Andrew: Yeah, probably you know there was a guy named Stuart Hart. I heard he’s at Cornell. He’s a management person. He gave a speech somewhere years ago and he said every generation in history has felt that’s exceptional. There’s a word for this Krono centrism. But I think we really are at an exceptional moment given where we are with our surge, this great acceleration as sustainability scientists call it, given that trajectories are the signs that these trajectories on emissions and resource intensity and everything can change. This is like an amazing moment to be alive. You know it’s like a hang on to your hat moment. There’s huge uncertainty and complexity. But what a consequential time to think that… Like with the VW thing. There is potential to be asymmetrically powerful in a positive direction.

Now there’s also potential like with ISIS to be asymmetrically powerful on the other end. So that’s not new.
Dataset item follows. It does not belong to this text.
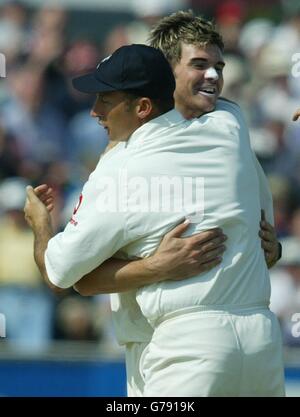 England Bowler James Anderson gratuliert Kapitän Nasser Hussain (links) zu einem Tauchfang, um Simbabwes Andy Blignaut während Simbabwes zweiter Innings am dritten Tag des zweiten npower Test Spiels am Flussufer in Chester Le Street, Grafschaft Durham, zu entfernen. England besiegte Simbabwe durch ein Innings und 69 Runs. Stockfoto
But I think the capacity factor right now is thrilling in many ways even as it is sometimes exhausting.

Joshua: That’s a big message I want to get out there because so many people feel like it’s so complicated that “I don’t want to do anything” or “I can’t do anything.” You’re saying it’s so complicated, everyone’s got an opportunity.

Andrew: I pointed out to the VW thing, it’s just one example and it doesn’t have to be internet stuff. In the 60s here in the Hudson River which was a sewer and ships were coming in and dumping their crap before they were taking on loads in Albany. These fishermen and some of their allies they found these 19th century laws, laws that were on the books about that allowed a citizen to collect a bounty if you identified someone dumping something in the waters of the United States. 1970 law as far as I can recall and not been used at all.
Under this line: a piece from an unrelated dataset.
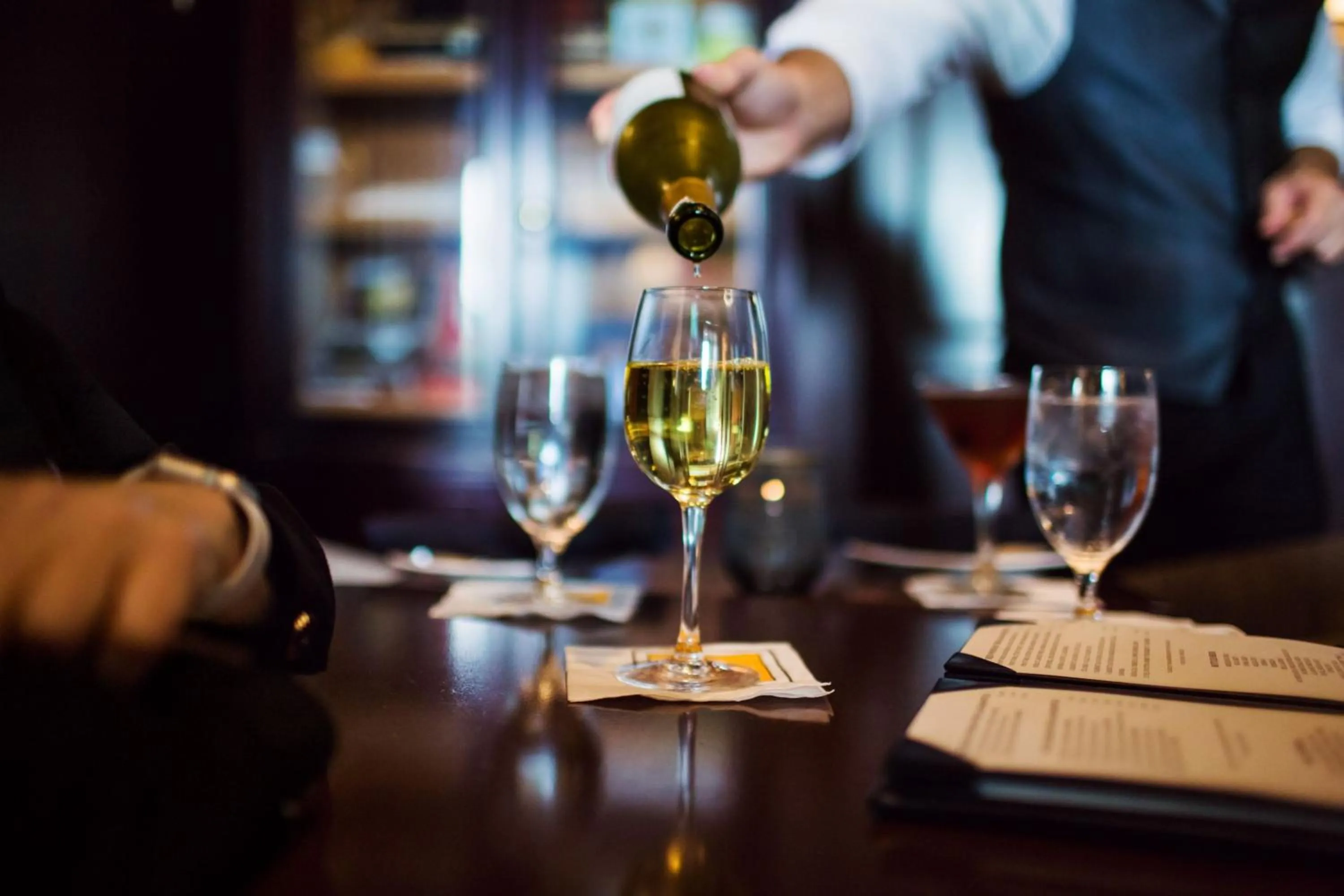 Lounge or bar in The Ballantyne, a Luxury Collection Hotel, Charlotte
And they took these laws out of [unintelligible] and went to court and they generated not only change in the practices of the ships but they generated revenue in which they built the Hudson River environmental movement on. And that says you know creativity, searching for tools, thinking, sharing information gives you potential for lots of cool things to happen. And now I would love to think that there is a law on the books that could do the same thing for air pollution. You know it’s not there but thinking creatively about these things and going back in time like in that case can be very beneficial. That was free internet. So it’s attitudes and creativity and exploiting new opportunities and great time to be around.

Joshua: I am going to close it up there about opportunity, about creativity, about taking advantage of… I mean if someone’s listening to the Leadership and the Environment podcast, I presume they want to meet in some way and I feel like you’ve opened up doors for a lot of people. And I presume if they read your stuff, if they dig in Dot Earth and they dig into this stuff that’s soon coming on National Geographic, they are going to find lots of opportunities that are there for the taking.

Andrew: Yeah, I would hope so.

Joshua: Can they contact you?

Andrew: Yeah, well at @Revkin on Twitter and arevkin@ngs.org as nationalgeographicsociety.org.

Joshua: Okay, I’ll get those links to put on the page.

Andrew: And you know basically just google for Revkin and whatever. Google for Revkin and corporate social responsibility, Google for Revkin and rainforest, Google for Revkin and climate policy and you will find too much.

***

He finished on a hopeful note talking about power, how we all have power, the power to influence others, the power to influence ourselves. I think that’s the root of hopefulness that he knows the extremes of the environment in every direction – how we act on it, how we don’t, and he sees the potential for power for us to act. As for the personal challenge, he’s changed a lot already. But he was quick to come up with plenty of other things that he could do which I also find as well. The more I do, the more I find I can do and it sounds like that’s the case for him as well. And he considered not flying which so many people say is impossible for them. Now saying it’s impossible I think that’s a statement about their imaginations more than what’s possible or impossible. I think that illustrates the root of the power that we all have to start with changing ourselves. So I look forward to hearing his second conversation.